Income support policies and particularly the tax system via working for families financially rewards people for having children. These rewards may not be at the forefront of people’s minds when they consider starting a family, but much of what modern governments do is about promoting child rearing. It begins with the provision of public health services, then moves on to support for early childhood services, spending on education, a tax system that redistributes wealth towards households with children, and a benefit system that recognises the number of dependent children in its calculation of income support.

The stated aim of the government’s latest contraception policy appears reasonable; reduce the risk of unwanted pregnancies and children by increasing access to contraception for people who potentially have fewer resources available for raising children. Although the policy will provide access to long-term contraception for all female beneficiaries, the unstated target of the policy is probably teenagers.

Women who give birth during their teenage years are more likely than other women to drop out of high school, to remain unmarried, and to live in poverty. The children of teenage mothers also fare worse than other children on economic, social, and cognitive dimensions. It logically follows that if teen childbearing causes large adverse consequences, then the natural response is to consider policies that can potentially reduce the likelihood of a teen pregnancy: sex education, abstinence promotion, improved contraceptive access, and related interventions.

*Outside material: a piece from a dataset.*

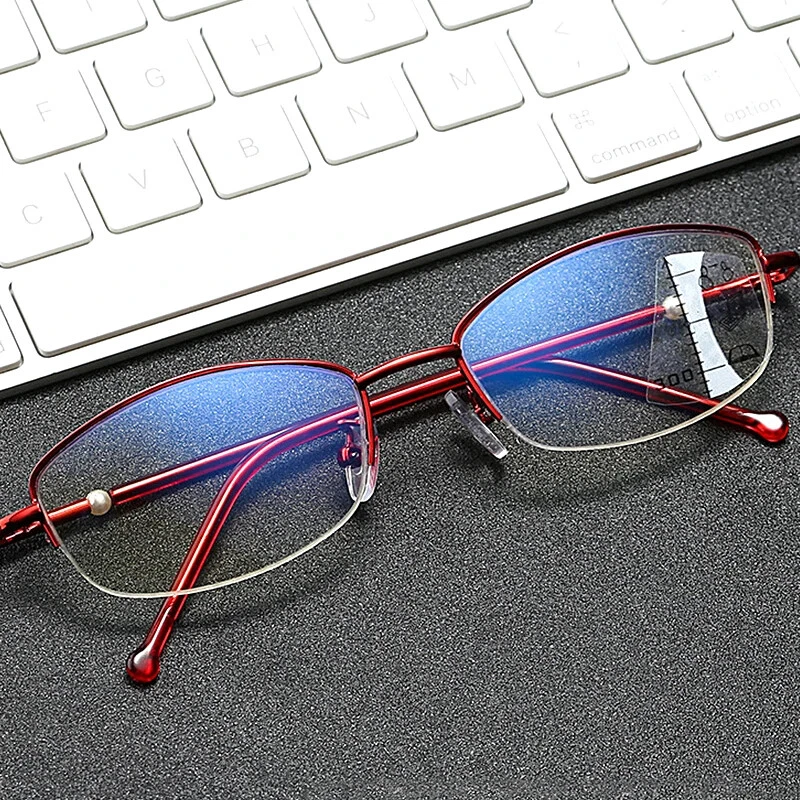 Mujeres Progresivo Multifoco Anti-Luz Azul Gafas de Lectura Medio Marco Lector Foto 2 de 4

The problem is that it is not clear that teenage parenting is in itself a cause of these problems. A recent US study by Kearney and Levine1 indicates that teen child bearing matters more because it is a marker of a social problem rather than being the underlying social problem itself. Instead it seems that it is women who lack economic opportunity that are more likely to give birth as a teen, and they and their children are likely to have inferior outcomes regardless of when they give birth.

Providing free contraception, for instance, could modestly reduce the likelihood of giving birth as a teen, but it does not alter the underlying cause that leads disadvantaged women to “drop out” of the mainstream path of completing school, investing in their human capital and putting marriage before motherhood.

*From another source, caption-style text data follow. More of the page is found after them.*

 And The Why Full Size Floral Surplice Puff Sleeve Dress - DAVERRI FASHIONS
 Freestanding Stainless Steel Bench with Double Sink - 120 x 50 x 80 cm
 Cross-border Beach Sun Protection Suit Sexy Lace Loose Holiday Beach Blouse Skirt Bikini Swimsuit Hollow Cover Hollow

Also cost does not appear to be a reason for not using contraceptives. Kearney and Levine present US evidence indicating that just 2% of teenage girls reporting having unprotected sex stated it was due to not being able to afford birth control.

The evidence collected in the US study indicates that women appear to get pregnant and have children while unmarried teenagers because their life prospects are diminished and hence they have an ambivalent attitude to youthful childbearing. The consequent teenage motherhood may actually have little further detrimental impacts for mother or child.

If price is not a major issue and at-risk women are ambivalent about either pregnancy or unmarried motherhood, then initiatives such as sex education and improved access to contraception are not likely to make a material difference for these disadvantaged women. Instead a more appropriate policy prescription would focus on improving economic opportunities and reducing the incidence of poverty, through policies such as early childhood education programmes and improved post-school education opportunities for at-risk young people.

Such policies are actually the prime focus of the government’s welfare reforms. These types of policies are difficult to design and implement, but their success will have more profound impacts on the lives of at-risk teenagers, and teenage parenthood will naturally decline as the teenagers will have active reasons for wanting to defer parenthood to later in life.



[1] Kearney, M. S., & Levine, P. B. (2012). Why is the Teen Birth Rate in the United States So High and Why Does It Matter? Journal of Economic Perspectives, 26(2), 141-166.